In the alternative, the protestant contends that the certificates of analysis showing the resulting FFA of .58% after sampling the oil from the import vessel, the Team Progress, at the time of discharge in Savannah, should be utilized to determine fungibility.

The proper certificate of analysis regarding the export vessel, the Petrobulk Panther, is the resubmitted certificate. The protestant has substituted a "corrected" certificate because the original was "in error." The FFA of .80% in this certificate is above the maximum standard of .75% and falls within the deviations described above in Section 3A, Rule 103.

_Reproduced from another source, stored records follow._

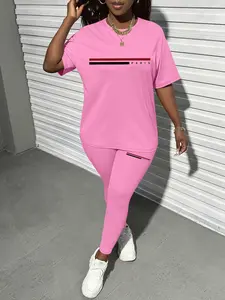 Printed pattern Women's Tee & Skinny Pants Two-Piece Set, Casual Fashion Cozy Round Neck Short Sleeve T-Shirt & Trousers for Daily Outdoor Wear, Ladies Spring Summer Clothes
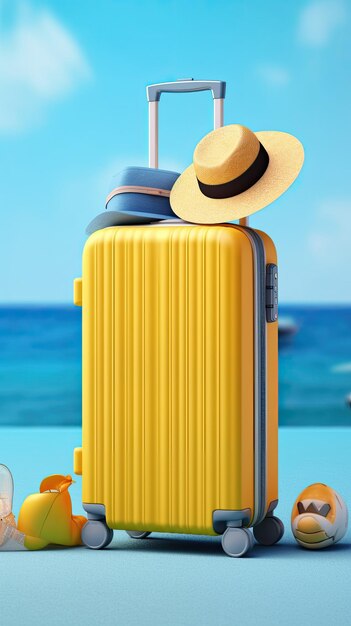 3D rendering of Yellow suitcase with beach accessories on blue background vacation time Summer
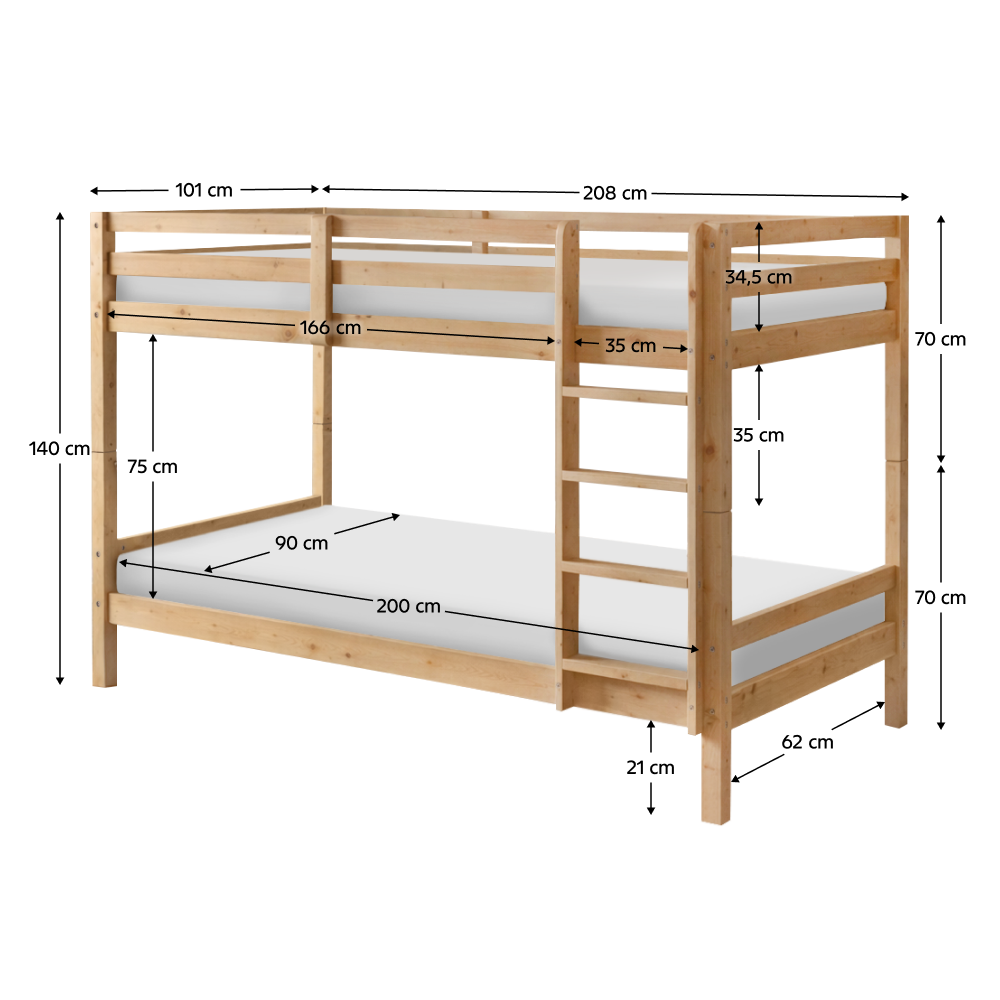 Poschodová posteľ, 90x200, masívne drevo, prírodná, INEZA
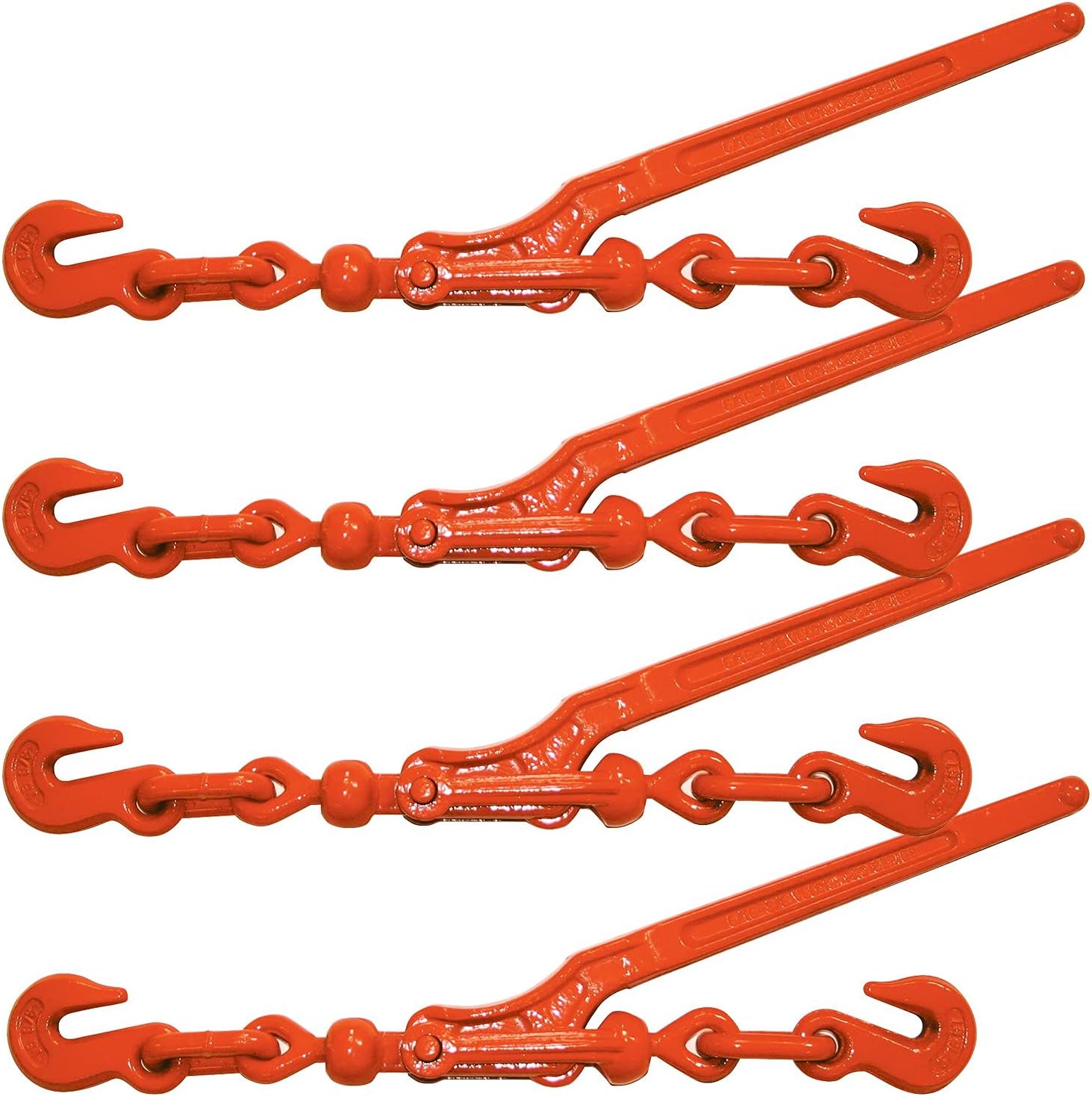 VULCAN Load Binder with 2 Grab Hooks - 4 Pack - Lever Style - 5,400 Pound Safe Working Load - for 5/16 Inch Grade 70 or 3/8 Inch Grade 43 Chain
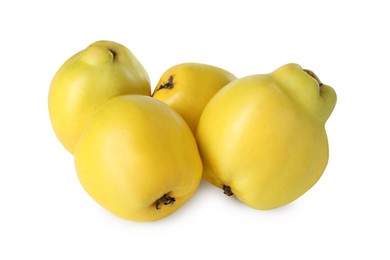 Photo of Delicious fresh ripe quinces isolated on white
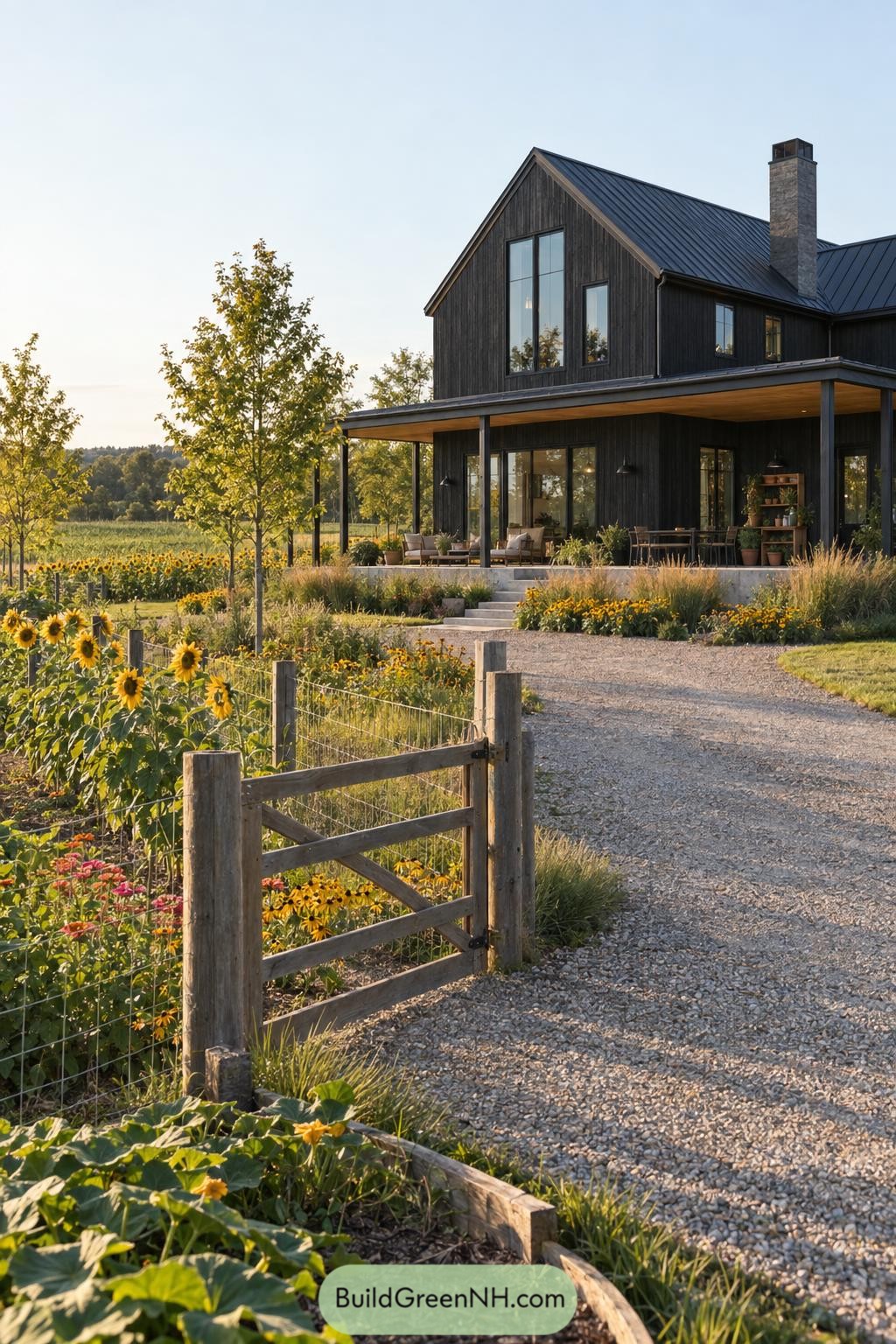 Dark timber farmhouse with a wraparound porch beside sunflower gardens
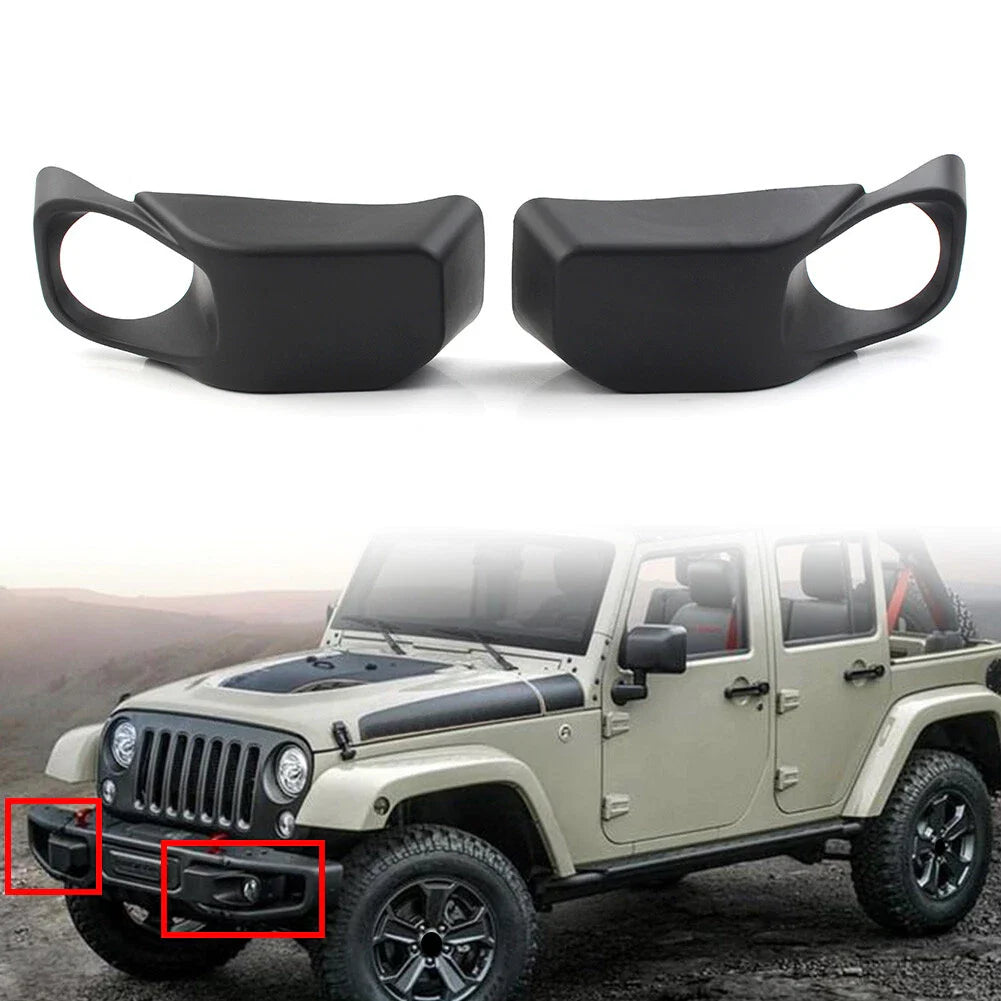 Black Front Bumper Fog Light Bezels for Jeep Wrangler (2013-2017)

In order to use a certificate of analysis to determine fungibility of the imported merchandise, sampling must occur at the time the vessel enters the port. Therefore, the samples taken at the port in Rio Grande, RS, Brazil, on the import vessel Team Progress, would not be sufficient to determine fungibility. Additionally, the certificate, dated September 19, 1990, representing the samples of soybean oil loaded into barges from the cargo discharged from the Iverhawk and the Team Progress would not be sufficient for this same reason. In the alternative, the protestant suggests the utilization of the certificate procured at the time of discharge in Savannah. We are in agreement that this would be the proper certificate for purposes of determining fungibility. Based upon the discussion above however, regarding the deviations in standards, the FFA of .58% from this import vessel would not be fungible with an FFA of .80% as provided from the export vessel.

Finally, it is the position of the Customs Service, with respect to CDSBO, to apply the industry standard in the determination of the fungibility of merchandise. We cannot find the operations of two companies alone indicative of an industry standard, where the published standards of that industry conflict with the standards used by those two companies.


The subject protest should be DENIED in full.

A copy of this decision should be attached to the CF 19, Notice of Action, sent to the protestant to satisfy the notice requirement of section 174.30(a), Customs Regulations.